Mas embora o estoque de pessoas educadas em uma sociedade seja percebido como importante, pouco se tem discutido acerca da qualidade da educação recebida. A discussão é difícil e, recentemente, vemos alguns pesquisadores tateando o tema na literatura científica. Entretanto, um ponto importante — e aqui voltamos ao livro de Goldberg — tem permanecido longe do radar de nossos pesquisadores: a ideologia.
Em Fascismo de esquerda, logo no início do livro, deparamo-nos com uma detalhada explicação sobre o que o termo realmente significa. O livro trata do universo político norte-americano, um tema pouco familiar ao estudante brasileiro, acostumado com jargões pouco úteis disseminados por professores nem sempre bem preparados parar uma discussão séria sobre ideologias e política.
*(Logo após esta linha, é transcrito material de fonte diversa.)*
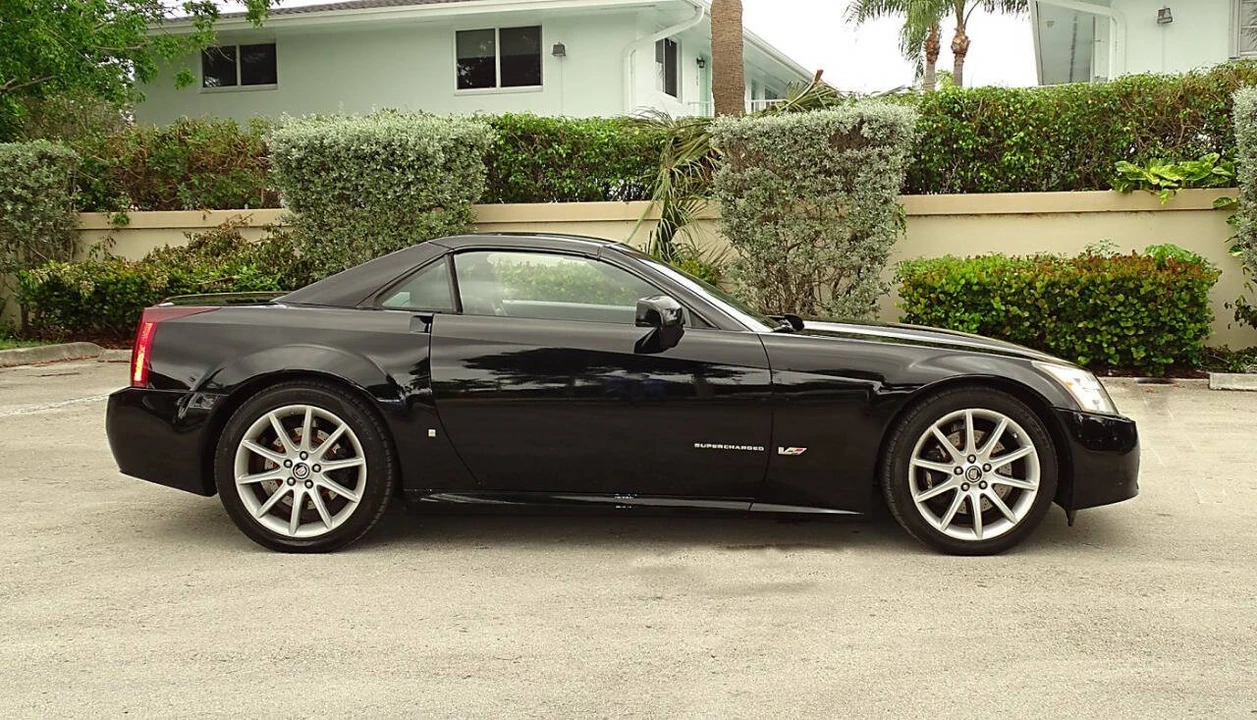 2006 Cadillac XLR-V - Image 4 of 31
O ponto mais interessante desta leitura inicial é a percepção de que há uma assimetria clara entre o que a esquerda norte-americana prega e o que faz. Em resumo, autores esquerdistas norte-americanos (o que, lá, é sinônimo de autores liberais, ao contrário do que se diz aqui no Brasil ou na Europa) buscam raízes fascistas em qualquer pensamento dissidente de sua ideologia (que se autoproclama progressista) sem se preocupar em entender as raízes fascistas de suas próprias idéias.
Eis a importância da ideologia na educação — ou na qualidade da mesma: ensina-se, no Brasil, que fascismo é uma coisa, socialismo, outra. Procura-se justificar o uso de uma camisa com a face de um assassino — Che Guevara — enquanto se proíbe a manifestação de um skinhead nazista. Não importa o fato de que ambos tenham as mesmas raízes; a discussão sobre o direito de se expressar é abortada de antemão porque alguém decidiu que um fascismo de esquerda é melhor que seu irmão à direita.
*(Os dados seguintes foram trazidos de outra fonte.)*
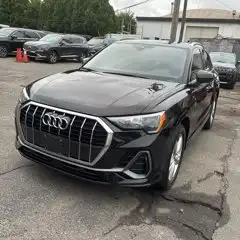 2022 Audi Q3 45 TFSI S Line Premium quattro's photo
Goldberg não faz nada de original. George Watson, em seu — pouco conhecido do público brasileiro — The Lost Literature of Socialism [A literatura perdida do socialismo] — já havia mostrado como o pensamento supostamente progressista da esquerda deve muito a pensadores da corte nazi-fascistas. É claro que o fato de o pensamento de esquerda ter origens fascistas não torna todos os não liberais (no sentido em que nós, brasileiros, entendemos o termo liberal) adeptos de genocídios, embora seja verdade que a recente visita do presidente do Irã ao Brasil não causou tanta indignação entre os sempre barulhentos grupos de defesa dos direitos humanos ligados aos partidos de esquerda.
Mas uma pergunta importante permanece: por que os seguidores da doutrina não liberal insistem em tentar ideologizar exames públicos como o ENEM e outros concursos públicos se nem conseguem responder a uma pergunta simples sobre as origens comuns de sua ideologia e o fascismo? Aqui está o poder transformador da linguagem: a insistência em rotular tudo que é discordância do pensamento socialista de “fascista” conseguiu mesmo criar uma confusão, mas não na cabeça do aluno que faz o ENEM ou do profissional que faz um concurso público. Como sempre digo, o pior cego não é o que não quer ver, mas sim o que acha que vê.